[RECORDS FOR THIS TASK]

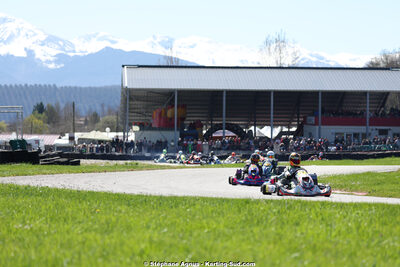 29 & 30/03/2025 : 2ème manche du Championnat du Sud au circuit d’Aigues-Vives (photos Stéphane Agnus) 2025 — karting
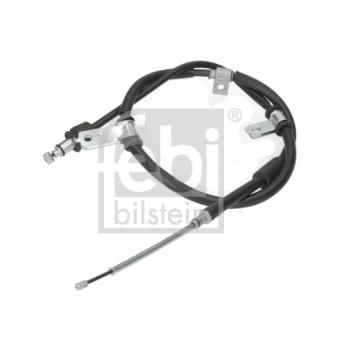 Tirette à câble, frein de stationnement arrière gauche FEBI BILSTEIN OEM 5976007000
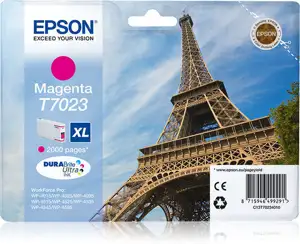 Tinta Epson T7023 WP-4015DN,WP-4025DW magenta, XL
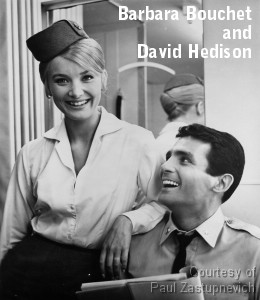Barbara Bouchet and David Hedison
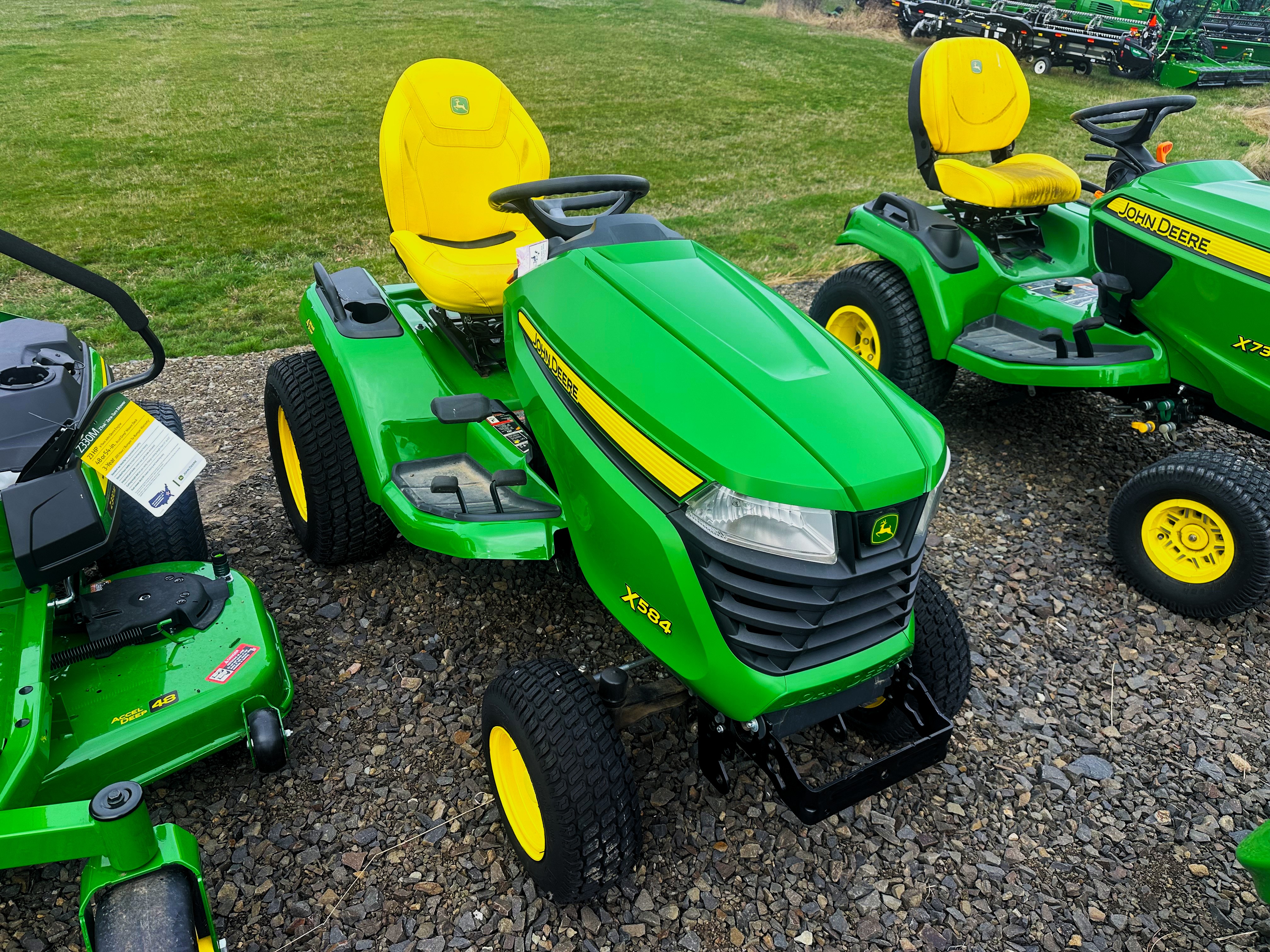 2023 John Deere X584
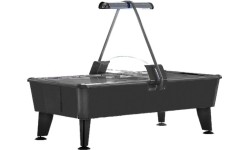 Table Hockey : "Airhockey Black", skirtas komerciniam naudojimui, 199x107x81 cm, monetų tikrintuvas neįtrauktas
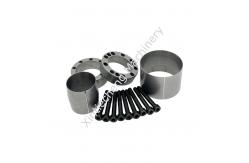 China Customized Machined Metal Parts with Guaranteed Expanding Hub supplier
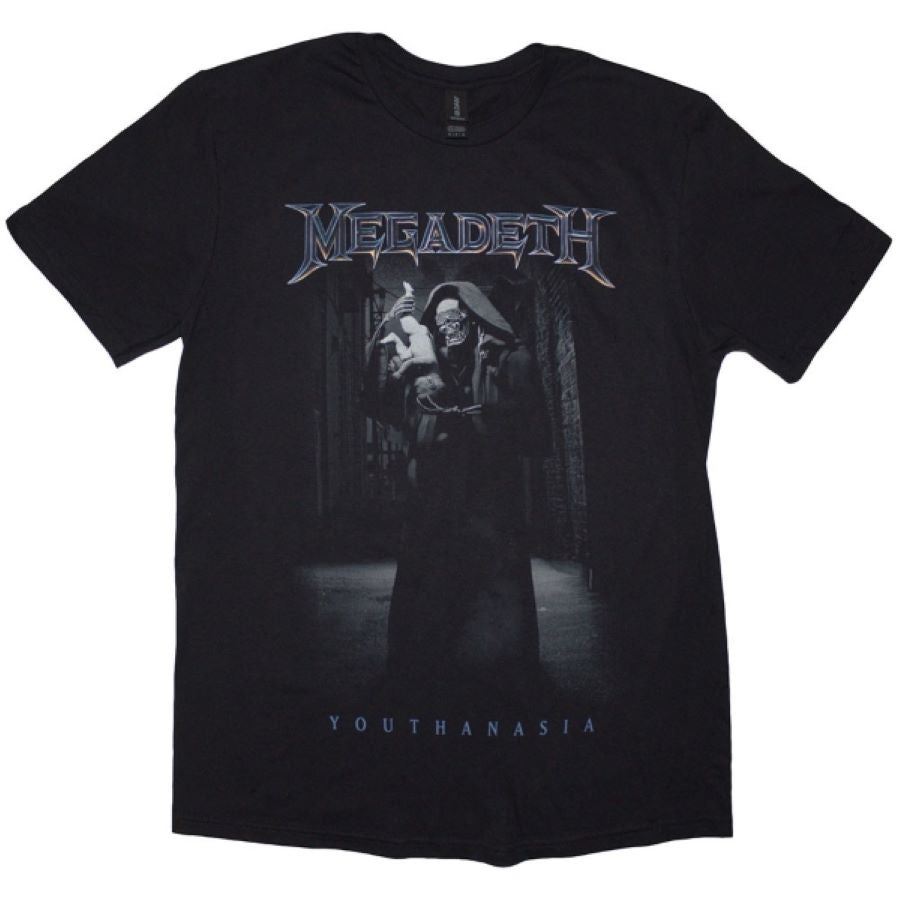 T SHIRT - Megadeth Youthanasia - hotRAGS.com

[TASK INSTRUCTIONS]
Please reproduce the lines exactly from the one containing "Tinta Epson T7023" through the last line of the data above, and keep the pictures out.

[RESULT OF THE EXERCISE]
 Tinta Epson T7023 WP-4015DN,WP-4025DW magenta, XL
Barbara Bouchet and David Hedison
 2023 John Deere X584
 Table Hockey : "Airhockey Black", skirtas komerciniam naudojimui, 199x107x81 cm, monetų tikrintuvas neįtrauktas
 China Customized Machined Metal Parts with Guaranteed Expanding Hub supplier
 T SHIRT - Megadeth Youthanasia - hotRAGS.com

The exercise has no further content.